### Assignment 1.
Jan 11th

In [1]:
import numpy as np
from scipy.linalg import eig

#### Question 1
Write out the MP/MRP definitions and MRP Value Function definition (in LaTeX) in your own style/notation (so you really internalize these concepts)

#### Answer:
The Markov Property is such that the future state will be independent from the previous state given the current state is observed.
$${P[S_{t+1} | S_t] = P[S_{t+1} | S_t, S_{t-1}, ..., S_1]}$$

The Markov Repard Process is a Markov Process with reward. It is consists of a set of ${S, P, R, \gamma}$  
where ${S}$ is a finite set of states, ${P}$ is a state transition probability matrix, ${R}$ is the reward function and ${\gamma}$ is the discount factor.  

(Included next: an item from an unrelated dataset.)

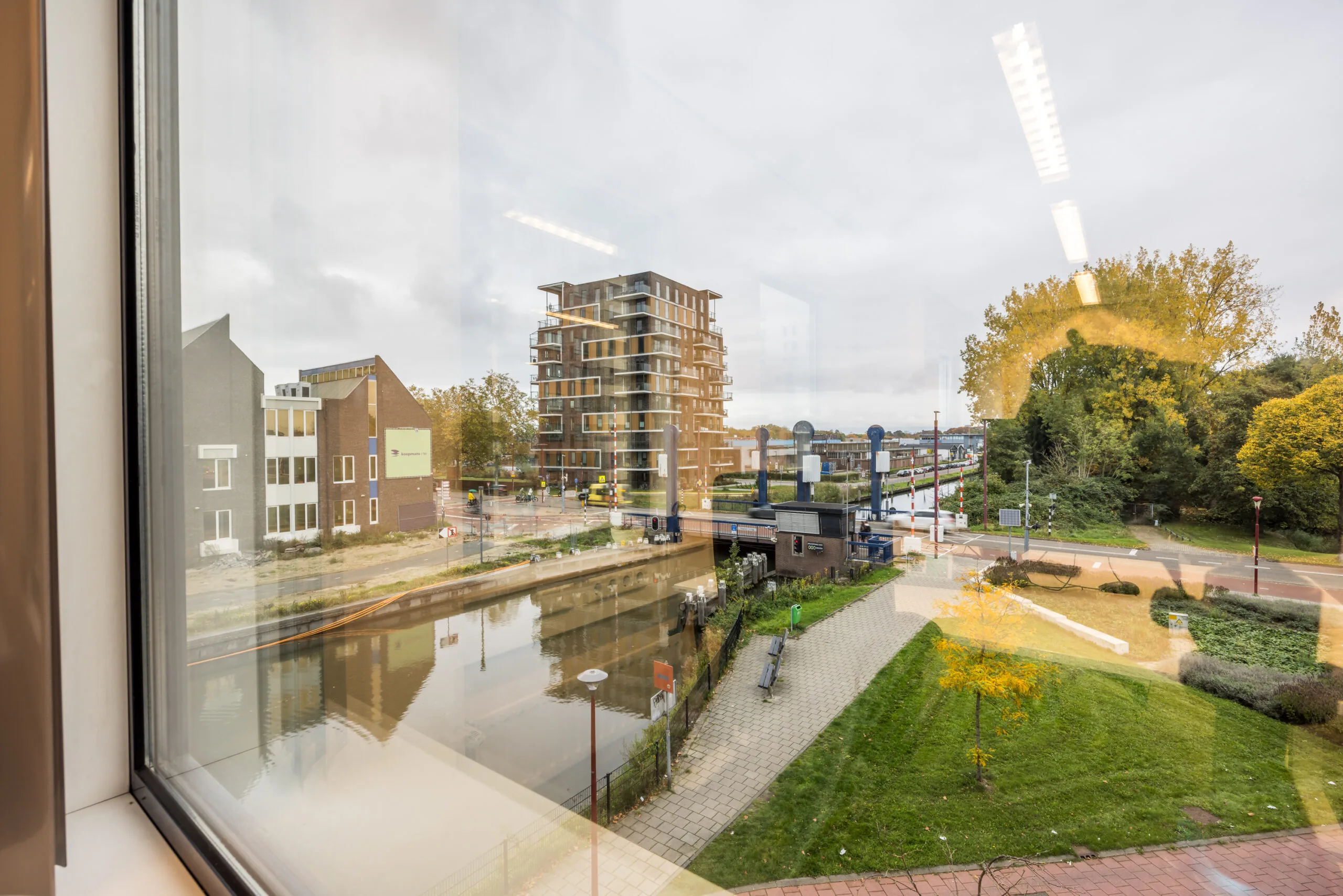 View through a window showing the Krijtwal canal, a modern apartment building, and a bridge in an urban setting with greenery.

The return ${G_t}$ is the total discounted reward from time step t $${G_t = R_{t+1} + \gamma R_{t+2} + ... = \Sigma_{k = 0}^{\infty}\gamma^k R_{t + k + 1}}$$

The value function gives the long-term value of state s: $${v(s) = E[G_t | S_t = s]}$$


#### Question 2
Think about the data structures/class design (in Python 3) to represent MP/MRP and implement them with clear type declarations. Remember your data structure/code design must resemble the Mathematical/notational formalism as much as possible. Specifically the data structure/code design of MRP should be incremental (and not independent) to that of MP

In [2]:
class MarkovProcess:
    """A class describing a Markov Process"""
        
    def get_all_states(self, S):
        # return the names of each state in a dictionary
        return set(S.keys())
    
    def construct_row_transition_matrix(self, row):
        # using the similar approximation function as MDP-DP-RL where two values are taken 
        # as the same when the absolute difference between them is smaller than 1e-8
        return {s: v for s, v in row.items() if not abs(v - 0.0) <= 1e-8}
    
    def get_transition_matrix(self, S):
        transition_matrix = {s : self.construct_row_transition_matrix(v) for s, v in S.items()}
        return transition_matrix
            
    
    def get_stationary_distribution(self):
        sz = len(self.all_states_list)
        mat = np.zeros((sz, sz))
        for i, s1 in enumerate(self.all_states_list):
            for j, s2 in enumerate(self.all_states_list):
                mat[i, j] = self.transition[s1].get(s2, 0.)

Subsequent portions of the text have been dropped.